Don’t get me wrong – I’m sure there are millions of Floridians who actually use their week or two for getaways or family vacations. At least for a while. But, as an estate planning, elder law, and probate attorney, I frequently see families dealing with the downside of timeshare ownership. And as a financial professional, I can tell you they are NOT an investment – they’re an ongoing expense for an illiquid asset that will not appreciate, much like a swimming pool. People buy such things because they want them, not because they make any financial sense.
A timeshare is a form of fractional ownership in a property, typically in a resort or vacation destination. For example, if you purchase one week at a timeshare condominium each year, you own a 1/52 portion of that unit. Timeshares may be evidenced by a deed (you purchased an ownership interest in the property) or just a contract (you leased the right to use the property).
So, what are some of the downsides? Well, first of all, the fees never end. On top of the loan payment (if you financed your timeshare), there are annual fees, unexpected assessments, and miscellaneous fees to change weeks, trade locations, etc. And unlike a house, land, or even a car, you’ll never know what your timeshare is worth. While there are exceptions for the most desirable locations/weeks in places like Disney or highly desirable beach resorts, most “used” timeshares are NOT repurchased by the timeshare company, and end up being sold for next to nothing. In fact, sometimes it’s hard to even give them away!

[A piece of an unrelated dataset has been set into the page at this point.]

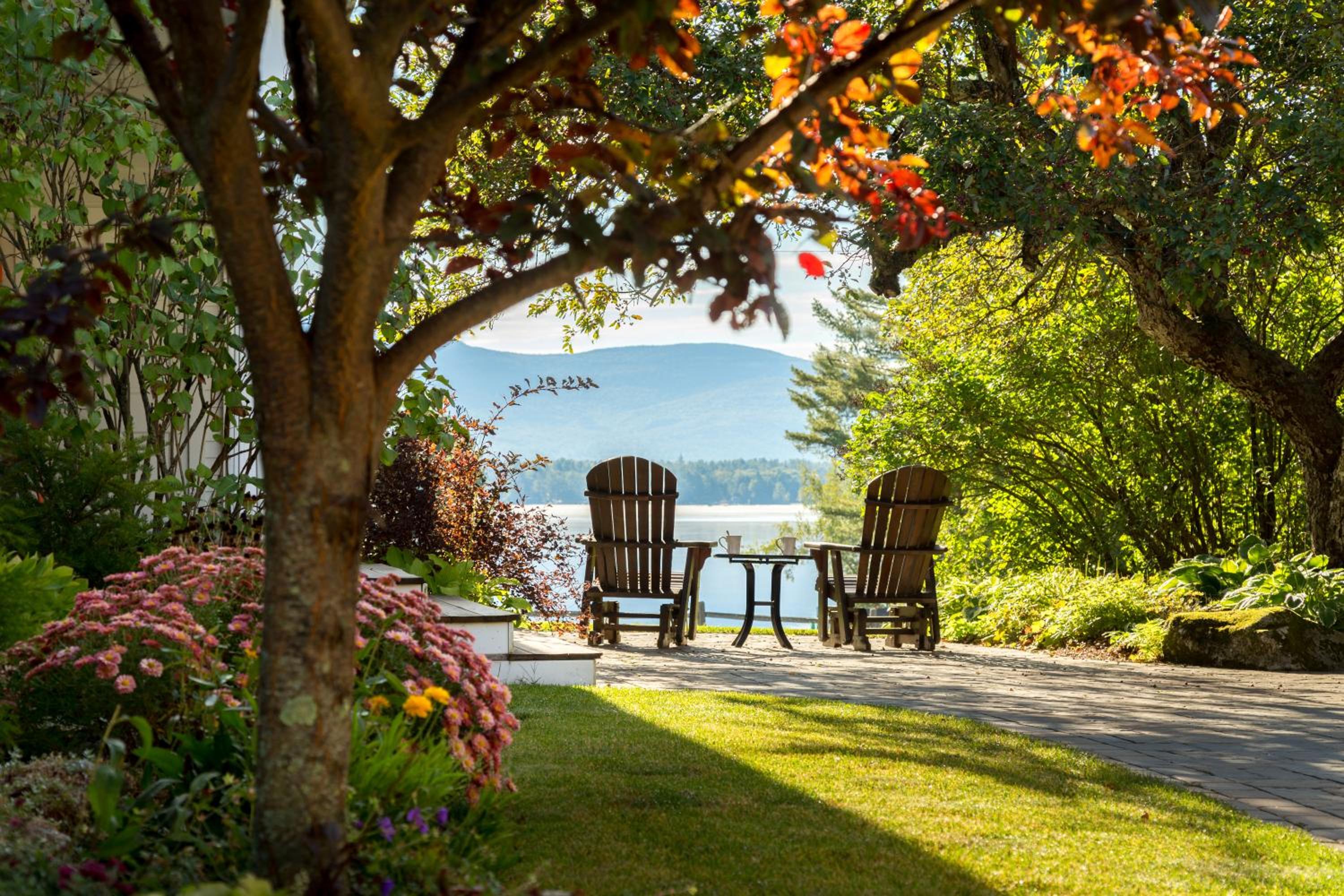 Inn at Pleasant Lake view 2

Here’s a true story: Jack had a timeshare he no longer wanted. He gave it to a family member, Bill, as a gift. Bill used it for several years, but then had a financial setback and couldn’t afford the fees. He fell behind. He tried to sell it, but to no avail. So then he offered to give it back to Jack. Jack wanted no part of the timeshare and associated fees, and said “Thanks, but no thanks.” Then one day Jack received a recorded deed in the mail; Bill had quitclaimed the timeshare back to Jack! (In Florida, only the seller has to sign the deed). So, Jack then quitclaimed the timeshare back to Bill. I don’t know what happened after that – maybe they’re still tossing the hot potato back and forth.
Timeshares also cause problems at the owner’s death when:
- The owner never transferred it into his living trust, thus triggering probate for an illiquid asset.

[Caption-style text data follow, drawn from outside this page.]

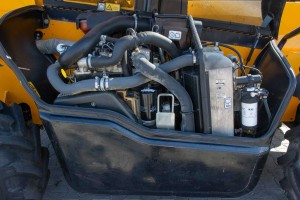 JCB 533-105 2015 y. 55 kW. 4321 m/h., №3899 L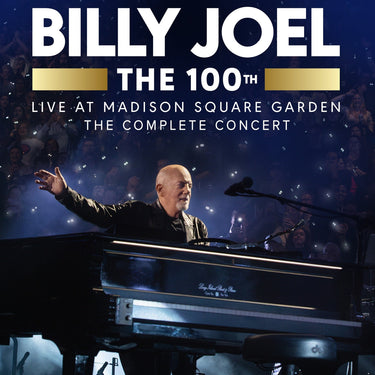 BILLY JOEL - The 100Th: Live At Madison Square Garden (The Complete Concert)
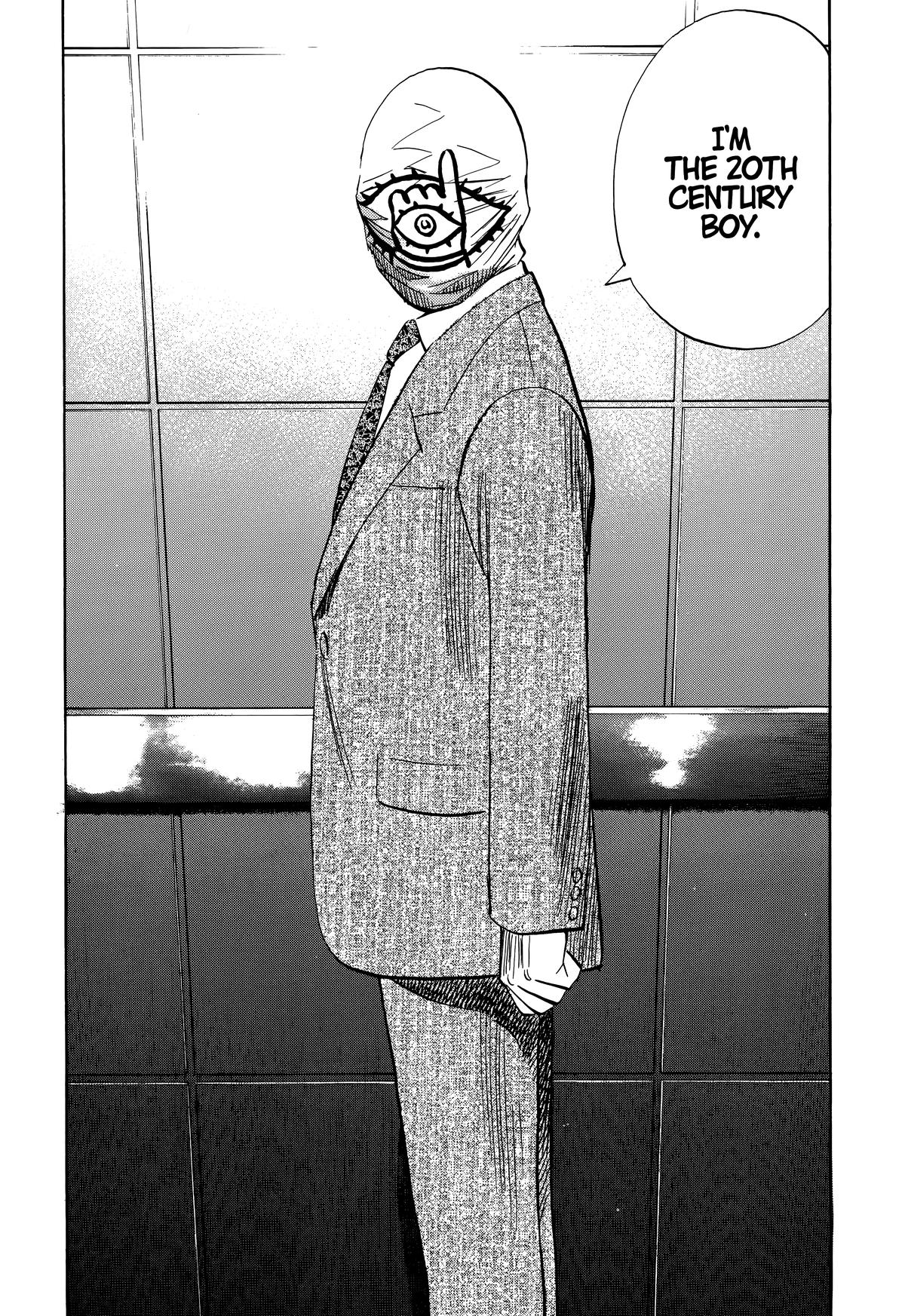 Read 20th Century Boys Manga Online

- The owner became ill before death and stopped paying the annual fees or assessments, and at death she owes thousands of dollars to the timeshare company, for a property no one will buy.

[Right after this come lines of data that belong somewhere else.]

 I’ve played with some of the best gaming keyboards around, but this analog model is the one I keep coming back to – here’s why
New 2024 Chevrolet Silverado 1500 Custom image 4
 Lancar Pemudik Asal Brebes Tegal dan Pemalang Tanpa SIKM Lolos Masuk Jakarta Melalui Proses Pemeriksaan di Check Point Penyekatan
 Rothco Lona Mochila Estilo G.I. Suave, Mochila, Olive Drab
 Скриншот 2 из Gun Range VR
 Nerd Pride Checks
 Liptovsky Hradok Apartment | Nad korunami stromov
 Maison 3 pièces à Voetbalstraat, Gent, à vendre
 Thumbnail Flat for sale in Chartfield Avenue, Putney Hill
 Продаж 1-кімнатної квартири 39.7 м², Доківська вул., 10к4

- The timeshare was properly transferred to a living trust, but no heirs want it and they can’t find a buyer.
- The post-death transfer of the timeshare was done incorrectly, and eventually the timeshare company tells the heir that they can’t use the week until they re-probate the property and have the transfer done properly. Oh, but they still need to pay the fees and assessments!
Sometimes, abandonment is the only option children have when Mom and Dad leave them an unwanted timeshare, but it has to be done properly to prevent problems.
So, if you own a timeshare, find out whether anyone actually wants it when you die, AND whether they can afford to pay the fees and assessments year after year, even if they lose their job. If not, consider getting rid of it while you’re still alive. If you can.